-- RECORDS FOR THE EXERCISE follows --

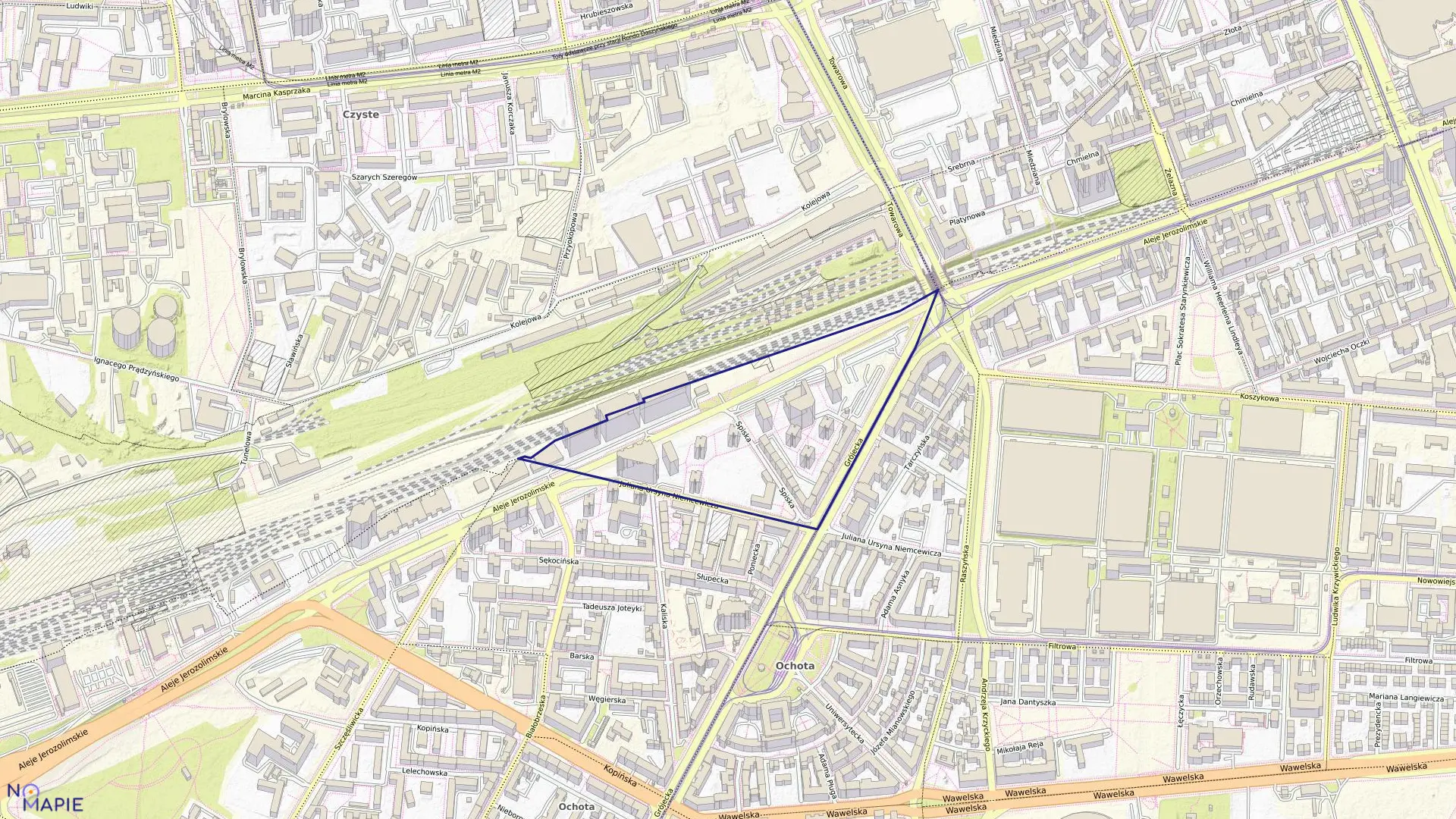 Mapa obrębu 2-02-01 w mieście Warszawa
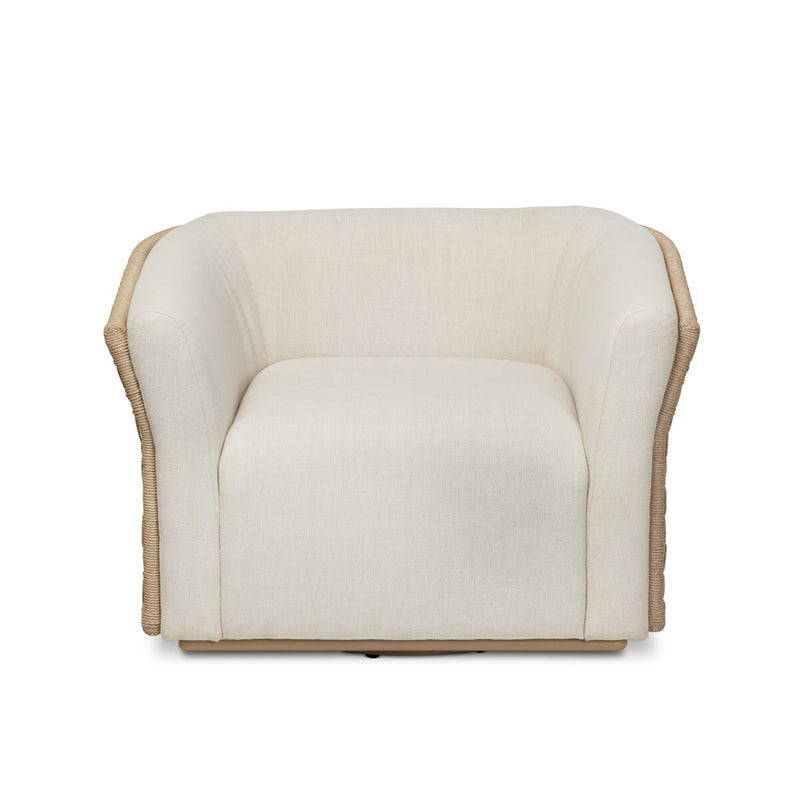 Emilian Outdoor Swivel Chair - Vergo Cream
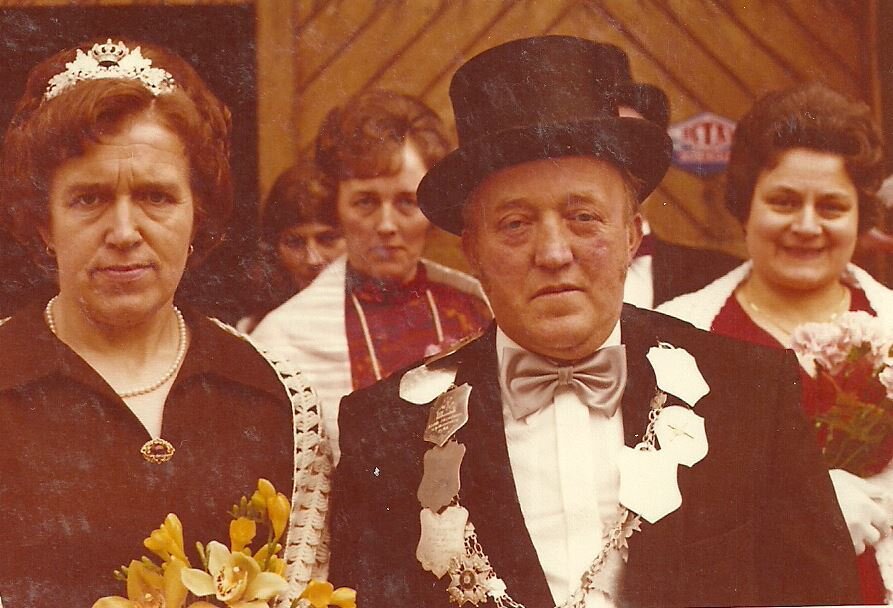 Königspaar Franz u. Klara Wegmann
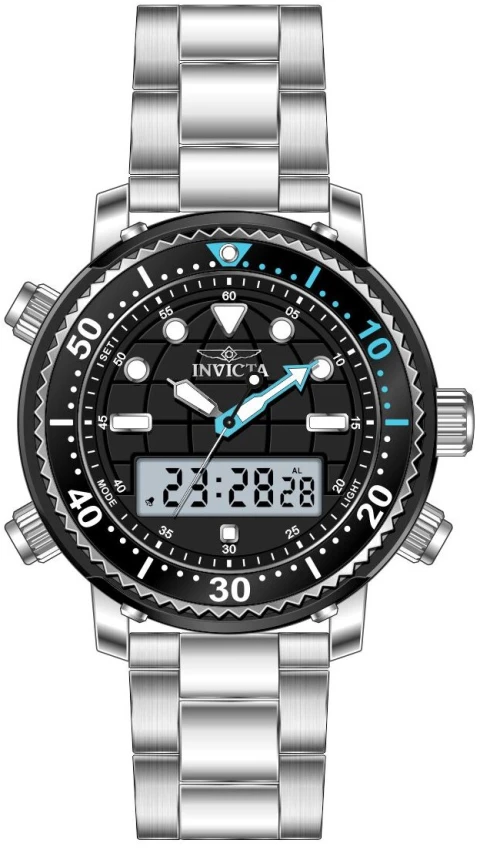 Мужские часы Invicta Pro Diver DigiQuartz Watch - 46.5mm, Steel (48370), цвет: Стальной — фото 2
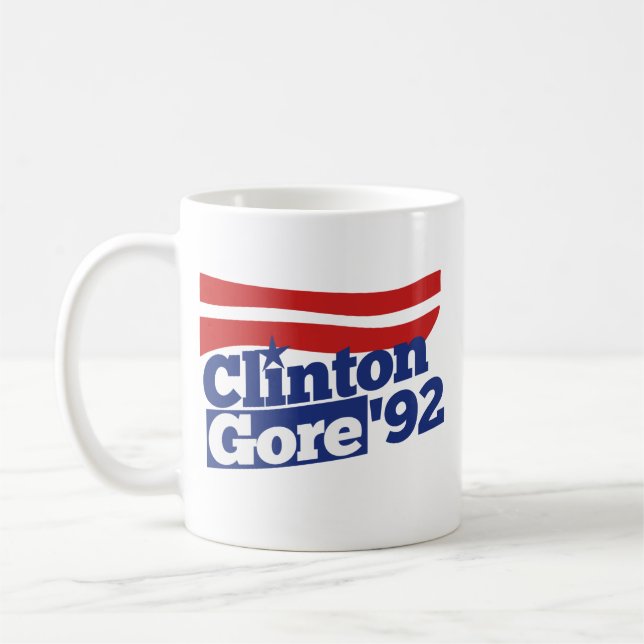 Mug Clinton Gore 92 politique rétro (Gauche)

-- RECORDS FOR THE EXERCISE concluded --
-- RECORDS FOR THE EXERCISE follows --

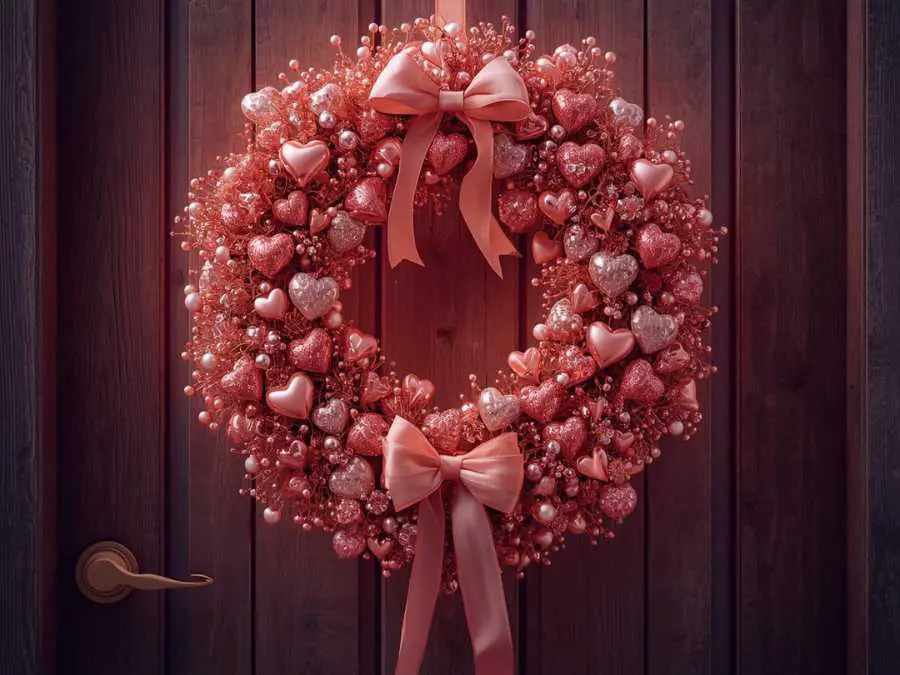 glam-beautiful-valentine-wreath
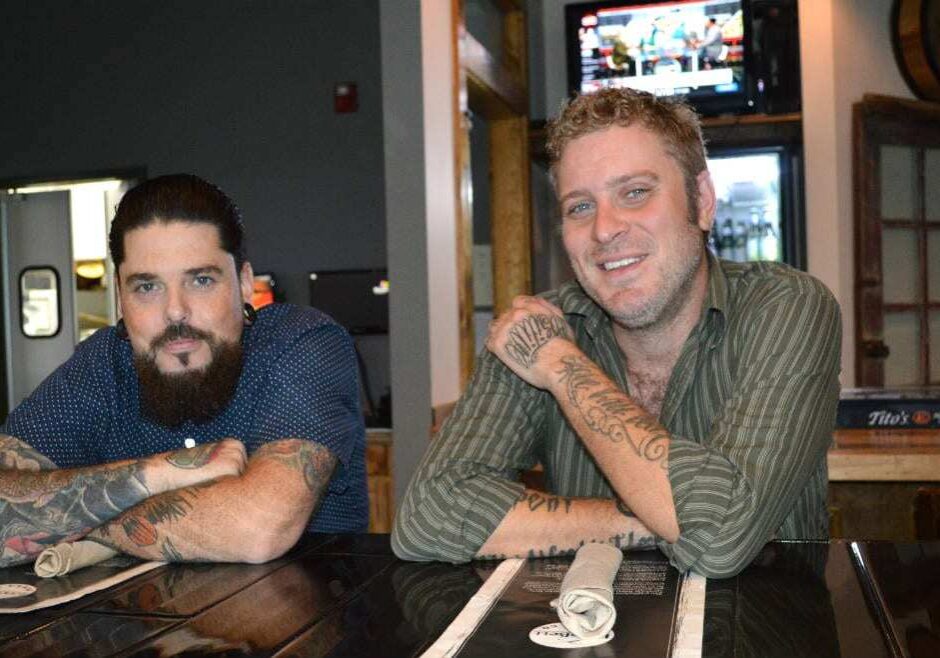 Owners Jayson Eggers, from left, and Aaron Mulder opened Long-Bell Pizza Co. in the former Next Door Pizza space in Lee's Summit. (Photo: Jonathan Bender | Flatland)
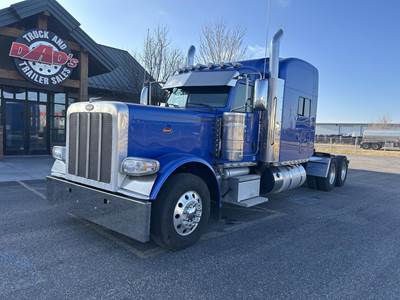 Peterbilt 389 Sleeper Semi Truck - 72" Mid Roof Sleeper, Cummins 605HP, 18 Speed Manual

-- RECORDS FOR THE EXERCISE concluded --

▶ **WORK ORDER**:
Make an exact copy of the lines above, beginning with the line with "Emilian Outdoor Swivel Chair - Vergo Cream" and ending with the line with "Mug Clinton Gore 92 politique rétro (Gauche)", and keep the pictures out of it.

▶ **RESPONSE**:
 Emilian Outdoor Swivel Chair - Vergo Cream
 Königspaar Franz u. Klara Wegmann
 Мужские часы Invicta Pro Diver DigiQuartz Watch - 46.5mm, Steel (48370), цвет: Стальной — фото 2
 Mug Clinton Gore 92 politique rétro (Gauche)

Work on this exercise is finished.